The morning light across her face almost chiaroscuro. I steal glances at her eating bacon: the muscles of her jaw change the contours of her face -- splashes of light roll up and back from her temple, and below her ear. She's splendid, a Dutch-sized woman with strongly marked features; and she eats with some ferocity. Her breakfast companion is slight: heavily bearded but otherwise rather anemic and wan. Perhaps she'll finish her meal by eating him up.

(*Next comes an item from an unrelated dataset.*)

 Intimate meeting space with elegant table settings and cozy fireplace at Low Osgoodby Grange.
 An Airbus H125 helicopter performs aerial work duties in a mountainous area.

Spring washing in: old maple flower tracked into the house and the car; new green on the trees. I'm reading César Aira's Ema, La Cautiva, and puzzling over it. After a vision of desolation and brutishness, crossing the pampas with horrible soldiers, we arrive at remote Pringles and find a wavering, fragile-feeling paradise. Aira clearly loves the country he grew up in. But disaster and the threat of violence hangs over everything. And the perpetually pregnant Ema, after all, is essentially a slave: she is susceptible to paradise only because she accepts everything so readily. So it's a disturbing book: one of those books that you take up reluctantly, when you're halfway through, because you don't think it's going to end well. I wish my Spanish was better: some of Aira's philosophical flights just leave me puzzled. And, sure as I am that South America holds wonders, am I really supposed to believe in a hundred-pound duck? Perplexities.
I get stronger, more solitary, more morose. It's a bit of a theme now, I guess. But I'm glad that Spring is here. I'm ready to shake off Winter and misanthropy.